The new search tool - which will be available through Google Cloud - will span across clinical notes, scanned documents and electronic health records, all of which can be pulled from by medical professionals with an ambition to save a significant amount of time and energy for health-care workers.
Cris Ross, Mayo Clinic's chief information officer, told
CNBC: "We are curious, we're enthusiastic, we're also careful.
"And we're not going to put anything into patient care until it's really ready to be in patient care,” he continued.
Google’s new technology will also enable doctors to quickly determine whether a patient will be eligible for any trials, alongside accurately cataloging which medications a patient has been prescribed during a specific period of time.
Speaking of the technology,
Kapil Parakh, senior medical lead at Google, explained: “Searching for information in an electronic health record may not seem like a big deal - we can search our computers, cloud drives and even our phones more easily than electronic health records.
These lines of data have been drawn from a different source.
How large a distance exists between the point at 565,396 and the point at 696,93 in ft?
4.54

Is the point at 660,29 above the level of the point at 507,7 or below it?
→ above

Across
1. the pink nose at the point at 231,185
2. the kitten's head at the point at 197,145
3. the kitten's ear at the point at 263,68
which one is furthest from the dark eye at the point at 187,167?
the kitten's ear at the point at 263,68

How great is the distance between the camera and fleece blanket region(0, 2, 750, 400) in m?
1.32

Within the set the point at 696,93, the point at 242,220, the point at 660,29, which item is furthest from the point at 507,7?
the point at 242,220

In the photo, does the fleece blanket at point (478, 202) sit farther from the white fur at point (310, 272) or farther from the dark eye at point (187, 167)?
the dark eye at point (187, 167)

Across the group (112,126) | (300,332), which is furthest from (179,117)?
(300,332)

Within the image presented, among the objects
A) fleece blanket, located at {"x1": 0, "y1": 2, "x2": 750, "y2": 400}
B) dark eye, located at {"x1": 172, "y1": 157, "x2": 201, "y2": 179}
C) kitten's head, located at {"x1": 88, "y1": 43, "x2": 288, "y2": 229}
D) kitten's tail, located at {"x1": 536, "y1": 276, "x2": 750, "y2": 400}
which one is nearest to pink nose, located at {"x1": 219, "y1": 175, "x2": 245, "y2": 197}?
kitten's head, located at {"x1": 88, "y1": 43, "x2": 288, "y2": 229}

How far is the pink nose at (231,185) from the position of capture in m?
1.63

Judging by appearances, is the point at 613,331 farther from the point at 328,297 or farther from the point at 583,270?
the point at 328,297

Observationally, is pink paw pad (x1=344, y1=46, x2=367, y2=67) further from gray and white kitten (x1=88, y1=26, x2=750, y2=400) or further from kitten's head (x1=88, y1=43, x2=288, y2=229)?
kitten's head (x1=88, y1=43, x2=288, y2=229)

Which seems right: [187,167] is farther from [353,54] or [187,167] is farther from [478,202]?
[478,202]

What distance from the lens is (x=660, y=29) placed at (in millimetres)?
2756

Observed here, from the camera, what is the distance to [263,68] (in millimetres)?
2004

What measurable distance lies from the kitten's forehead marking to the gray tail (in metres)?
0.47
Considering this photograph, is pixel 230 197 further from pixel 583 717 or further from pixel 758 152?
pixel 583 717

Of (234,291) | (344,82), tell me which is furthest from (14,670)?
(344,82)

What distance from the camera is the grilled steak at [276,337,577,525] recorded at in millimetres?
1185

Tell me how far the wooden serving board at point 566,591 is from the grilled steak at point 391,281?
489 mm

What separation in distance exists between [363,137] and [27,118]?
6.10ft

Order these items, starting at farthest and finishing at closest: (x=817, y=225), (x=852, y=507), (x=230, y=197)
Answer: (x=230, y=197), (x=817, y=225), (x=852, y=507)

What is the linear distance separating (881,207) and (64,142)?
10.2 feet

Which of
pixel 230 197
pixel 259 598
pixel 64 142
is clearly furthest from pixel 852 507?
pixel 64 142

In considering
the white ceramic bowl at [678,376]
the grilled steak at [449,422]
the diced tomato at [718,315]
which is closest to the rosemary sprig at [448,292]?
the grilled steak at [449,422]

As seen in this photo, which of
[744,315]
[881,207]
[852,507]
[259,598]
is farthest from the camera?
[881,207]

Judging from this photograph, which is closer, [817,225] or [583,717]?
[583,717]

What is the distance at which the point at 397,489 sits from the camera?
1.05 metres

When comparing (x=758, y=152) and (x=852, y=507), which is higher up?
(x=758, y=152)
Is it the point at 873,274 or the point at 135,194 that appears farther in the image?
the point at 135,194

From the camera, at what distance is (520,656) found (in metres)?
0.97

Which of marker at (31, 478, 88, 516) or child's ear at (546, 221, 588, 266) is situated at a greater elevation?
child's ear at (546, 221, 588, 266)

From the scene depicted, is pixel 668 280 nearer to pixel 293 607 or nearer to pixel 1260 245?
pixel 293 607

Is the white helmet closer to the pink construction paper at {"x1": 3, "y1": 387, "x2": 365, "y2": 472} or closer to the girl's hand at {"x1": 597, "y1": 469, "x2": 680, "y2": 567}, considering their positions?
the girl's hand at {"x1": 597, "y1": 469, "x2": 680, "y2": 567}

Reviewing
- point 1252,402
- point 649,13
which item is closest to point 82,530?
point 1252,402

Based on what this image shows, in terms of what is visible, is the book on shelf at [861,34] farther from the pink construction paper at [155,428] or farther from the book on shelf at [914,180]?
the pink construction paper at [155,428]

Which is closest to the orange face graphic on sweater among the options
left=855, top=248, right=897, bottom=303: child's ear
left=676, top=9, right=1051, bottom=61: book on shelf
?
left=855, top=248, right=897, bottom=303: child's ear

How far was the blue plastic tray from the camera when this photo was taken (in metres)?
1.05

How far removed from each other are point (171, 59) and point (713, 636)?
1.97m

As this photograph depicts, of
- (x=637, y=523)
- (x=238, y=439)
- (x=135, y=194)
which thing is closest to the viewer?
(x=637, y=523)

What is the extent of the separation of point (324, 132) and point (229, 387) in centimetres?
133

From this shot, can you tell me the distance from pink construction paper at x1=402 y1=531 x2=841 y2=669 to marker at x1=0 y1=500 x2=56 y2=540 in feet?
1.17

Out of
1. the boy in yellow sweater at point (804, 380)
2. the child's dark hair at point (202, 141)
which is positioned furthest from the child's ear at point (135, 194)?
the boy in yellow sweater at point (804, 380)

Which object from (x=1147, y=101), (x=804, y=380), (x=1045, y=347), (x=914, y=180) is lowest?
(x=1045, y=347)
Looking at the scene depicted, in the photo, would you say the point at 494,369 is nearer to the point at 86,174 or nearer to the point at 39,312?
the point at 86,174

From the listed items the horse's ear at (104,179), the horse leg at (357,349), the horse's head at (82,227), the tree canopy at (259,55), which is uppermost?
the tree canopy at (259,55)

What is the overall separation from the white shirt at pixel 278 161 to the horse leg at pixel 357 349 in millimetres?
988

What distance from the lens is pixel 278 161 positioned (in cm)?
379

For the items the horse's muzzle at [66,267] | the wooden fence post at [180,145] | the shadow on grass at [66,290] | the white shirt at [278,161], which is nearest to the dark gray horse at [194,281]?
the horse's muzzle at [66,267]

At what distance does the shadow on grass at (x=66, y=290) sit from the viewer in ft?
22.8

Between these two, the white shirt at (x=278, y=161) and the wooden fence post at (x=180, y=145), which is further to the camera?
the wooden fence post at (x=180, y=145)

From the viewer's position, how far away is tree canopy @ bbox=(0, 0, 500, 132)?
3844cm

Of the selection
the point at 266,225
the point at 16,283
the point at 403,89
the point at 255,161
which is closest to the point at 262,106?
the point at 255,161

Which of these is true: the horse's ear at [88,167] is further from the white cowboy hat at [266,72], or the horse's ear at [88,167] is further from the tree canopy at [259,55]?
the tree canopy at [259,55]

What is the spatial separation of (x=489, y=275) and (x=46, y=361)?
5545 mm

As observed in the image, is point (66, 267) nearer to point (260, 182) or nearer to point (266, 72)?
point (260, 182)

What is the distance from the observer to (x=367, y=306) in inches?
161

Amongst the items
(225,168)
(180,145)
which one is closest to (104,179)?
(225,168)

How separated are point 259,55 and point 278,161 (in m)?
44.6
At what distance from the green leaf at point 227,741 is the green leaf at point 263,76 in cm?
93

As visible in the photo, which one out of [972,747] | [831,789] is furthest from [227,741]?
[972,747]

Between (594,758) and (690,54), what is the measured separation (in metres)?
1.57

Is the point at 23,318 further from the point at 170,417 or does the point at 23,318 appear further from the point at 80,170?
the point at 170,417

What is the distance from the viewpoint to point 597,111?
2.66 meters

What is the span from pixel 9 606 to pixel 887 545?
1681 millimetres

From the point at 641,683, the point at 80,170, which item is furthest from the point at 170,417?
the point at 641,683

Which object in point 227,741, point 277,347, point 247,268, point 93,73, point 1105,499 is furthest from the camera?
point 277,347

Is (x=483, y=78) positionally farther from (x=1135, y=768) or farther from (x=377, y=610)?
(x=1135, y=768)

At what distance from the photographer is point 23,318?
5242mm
As a clinician I’ve experienced this frustration myself and at scale this contributes to clinician burnout.”
Kapil also mentioned the potential of technology such as this if it were available when ‘patient zero’
contracted Ebola in Liberia and traveled to the US as “this information was not easy for the doctors to find or act upon”.
“A crucial opportunity was missed,” he continued, “[and] for all of these reasons and more, I’m excited about the new capabilities coming to electronic medical records.”